Trente après ces paroles, elles décrivent parfaitement la “République bolivarienne”. La raison est en que la richesse est toujours venue du travail, pas du sous-sol.

L’or noir a les mêmes effets aujourd’hui que l’or jadis: tout le métal des Amériques n’a en rien aidé une Espagne qui s’est endormie pendant quatre siècles.

Tour cela est bien connu. Mais ceux qui souhaitent une mise à jour chiffrée sur la malédiction liront avec intérêt l’article de Stephan Faris sur foreignpolicy.com.

Il cite, entre autres, un universitaire britannique, Paul Collier, qui a étudié le lien entre le prix des matières premières et la croissance en Afrique. Dixit Collier:

“En général, la hausse des cours produit des effets positifs à court terme. Mais les effets à long terme sont désastreux.”

Ainsi le Nigeria aurait perdu 400 milliards de dollars en malversations diverses depuis la découverte de sa “manne pétrolière” en 1960.

La Nigeria, géant africain qui jouissait encore d’un PIB par tête honorable dans les années 1970, est aujourd’hui un des pays les plus démunis et les moins bien gouvernés du monde.

Le dernier cas en date de paupérisation aux hydrocarbures est le Tchad, qui pensait avoir touché le jackpot lorsque des gisements furent découverts sur son territoire dans les années 1990.

Dix ans plus et plusieurs milliards de petrodollars plus tard, la seule partie de la population tchadienne à s’être enrichie est le clan du Président Idriss Déby (dont la dictature, je le concède, n’est pas simplement maintenue par le pétrole, mais aussi par la France.)
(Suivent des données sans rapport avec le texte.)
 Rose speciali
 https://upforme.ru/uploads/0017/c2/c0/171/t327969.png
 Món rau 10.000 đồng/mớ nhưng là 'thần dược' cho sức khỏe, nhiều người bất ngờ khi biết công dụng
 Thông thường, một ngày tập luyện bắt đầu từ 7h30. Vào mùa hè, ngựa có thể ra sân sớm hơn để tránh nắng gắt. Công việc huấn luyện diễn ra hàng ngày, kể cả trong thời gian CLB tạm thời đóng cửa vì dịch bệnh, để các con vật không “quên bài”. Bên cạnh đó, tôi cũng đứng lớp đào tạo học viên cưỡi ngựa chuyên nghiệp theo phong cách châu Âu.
Entre 2000 et aujourd’hui, le Tchad a chuté dans l’indice du développement humain de l’ONU de la 167e à la 170e place.

Come l’indique Faris, la seule lueur d’espoir en Afrique se situe au Gabon (autre république banano-pétrolière amie de Paris, pas ailleurs).

Son sous-sol est en passe de s’épuiser: une mauvaise affaire pour Omar Bongo et sa clique huileuse, mais les autres Gabonais y trouveront peut-être leur compte.
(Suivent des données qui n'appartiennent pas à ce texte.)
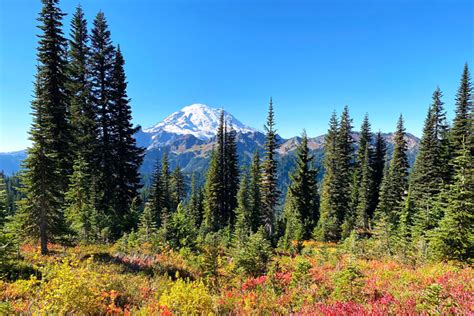 Seattle in September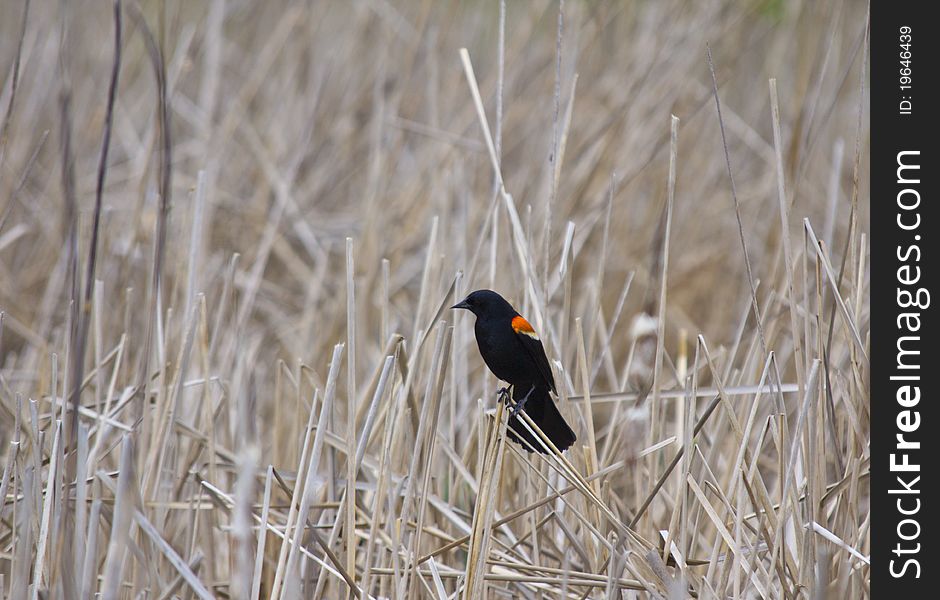 Red-winged Blackbird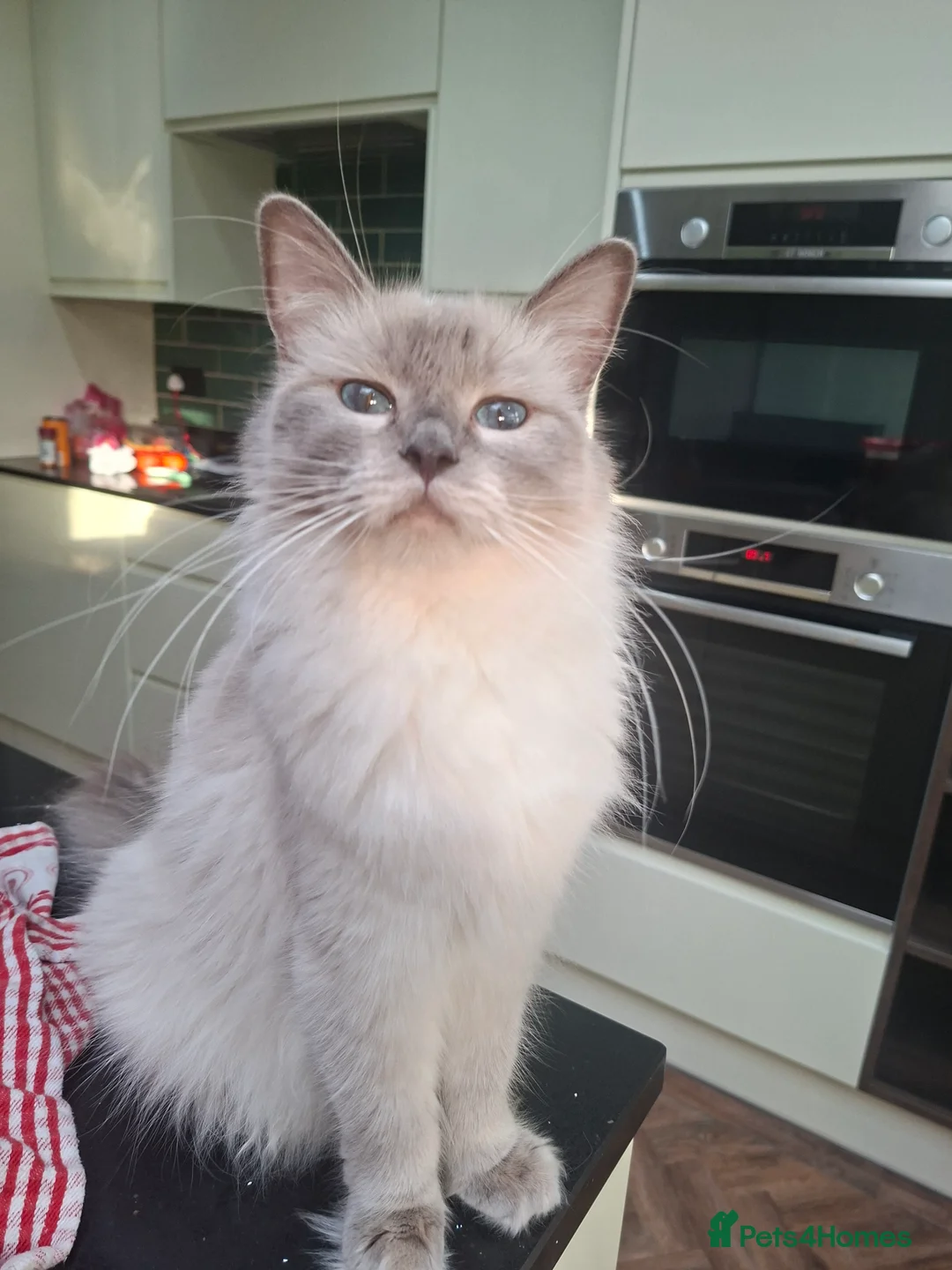 Ragdoll cats for sale: Beautiful ragdoll kittens - Advert 1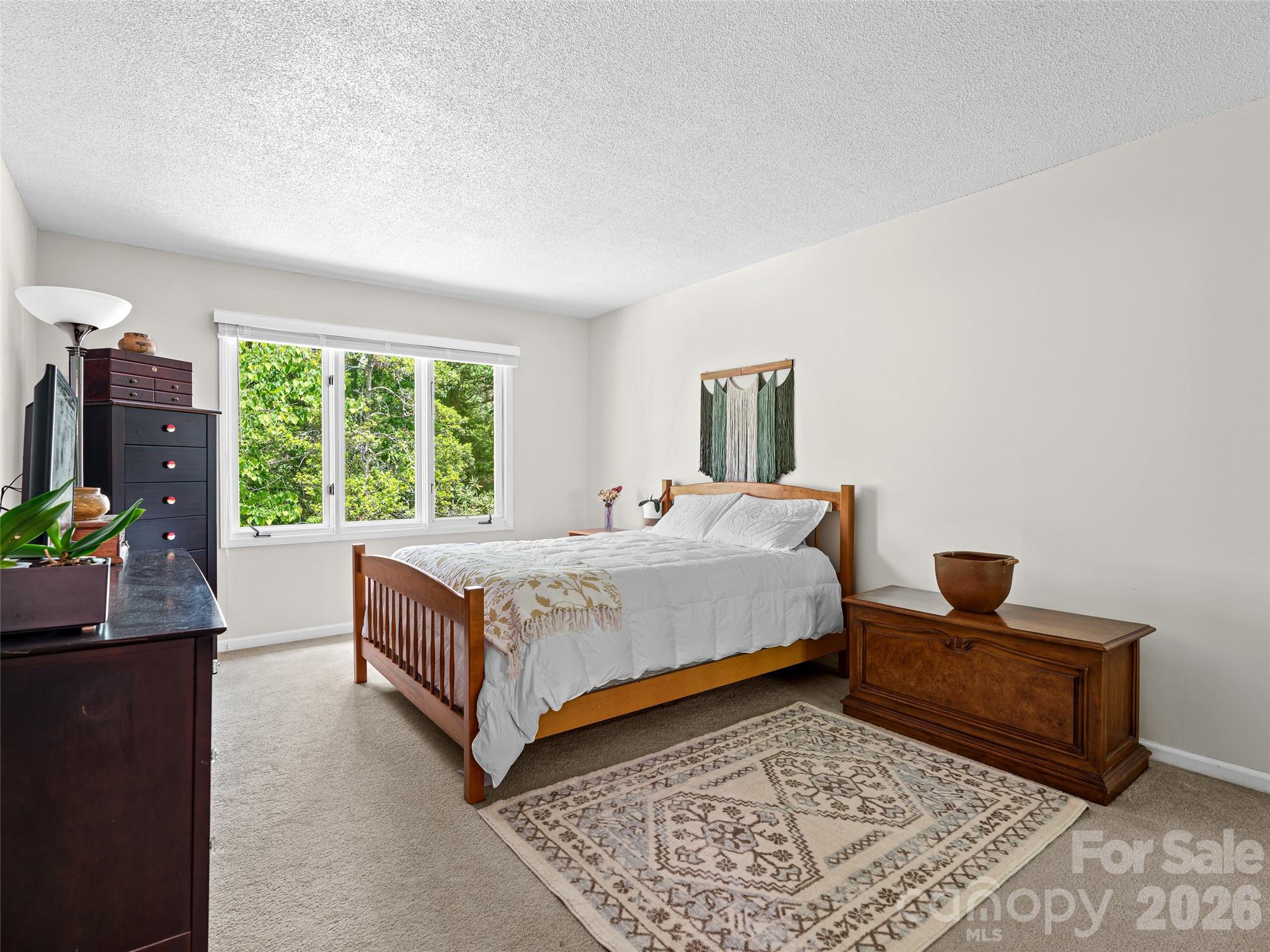 101 Beaver Ridge Road Asheville, NC 28804 - Photo 27 of 48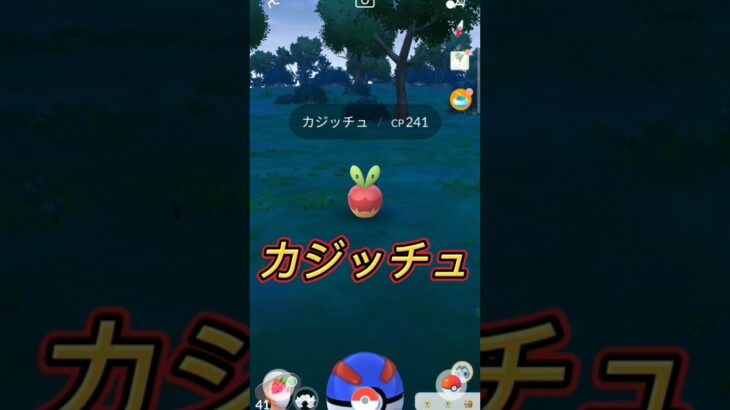 【ポケモンGO】カジッチュで大喜び！？ #ポケモン #pokemon #shorts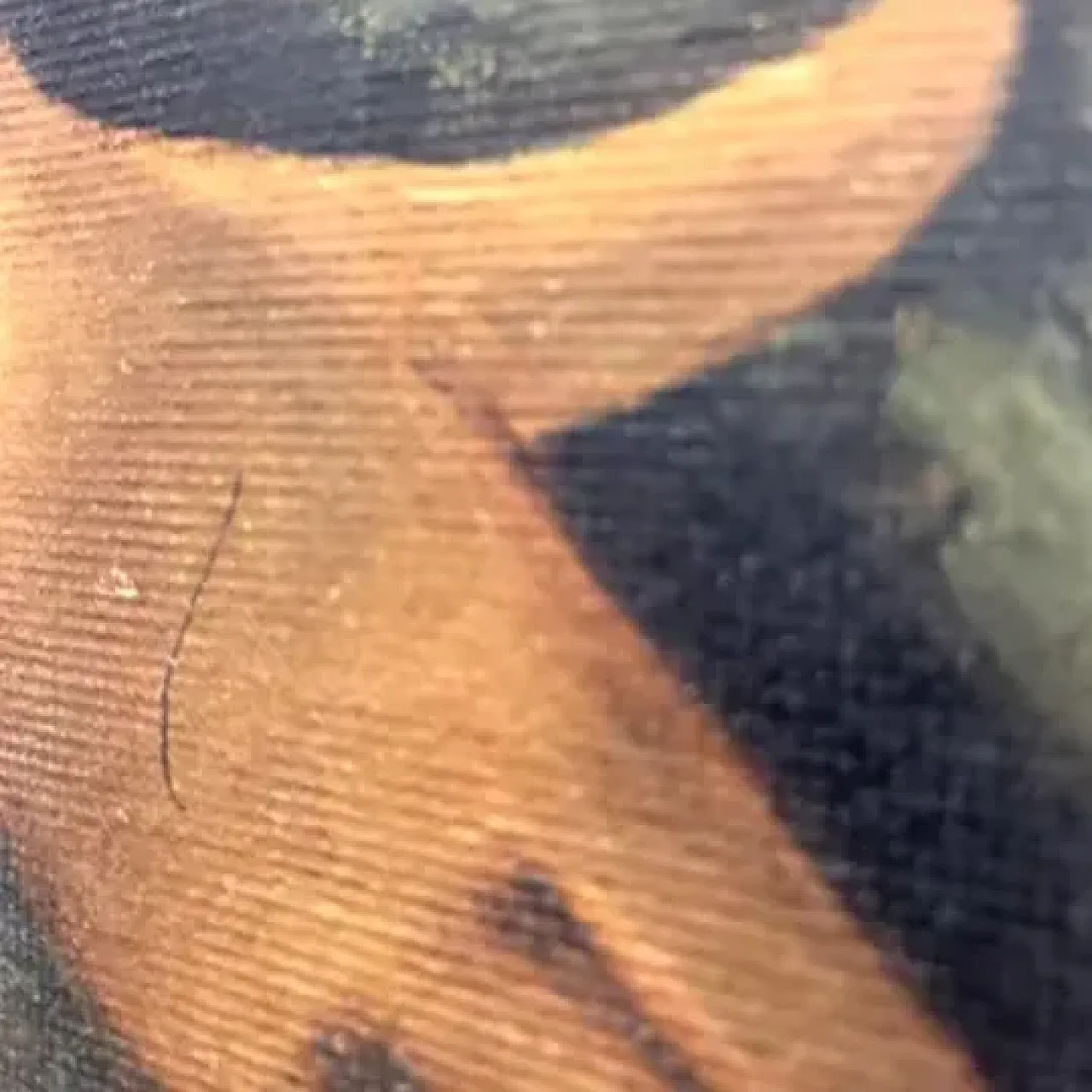 Giovane pescatore italiano di G. De Curtis, olio su tela, '900 10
Note: l’article de Faris est ici.

Sardanapale @ 9:23 am
Filed under: Economy and trade
  1.  
    August 7, 2007 | 5:16 am
     

    Le pétrole c’est de l’argent facile et l’argent facile il n’y a rien de pire pour une économie i.e. ça ne pousse pas les pays vers la voie de l’innovation.

    Israël, un pays construit sur un tas de pierre sans la moindre ressource naturelle, est aujourd’hui un pays prospère du car leur économie est basée sur les haute-technologie.

    Au Québec nous avons déjà eu un chanteur qui disait: “la meilleure façon de tuer un homme c’est de le payer à ne rien faire”.

  2.  
    Sardanapale
    August 7, 2007 | 8:34 am
     

    Merci David: effectivement, le développement d’Israël illustre bien l’idée que l’enrichissement vient de l’épargne et du travail. Cette idée très simple est aussi illustrée par la fable de La Fontaine “le laboureur et ses enfants”.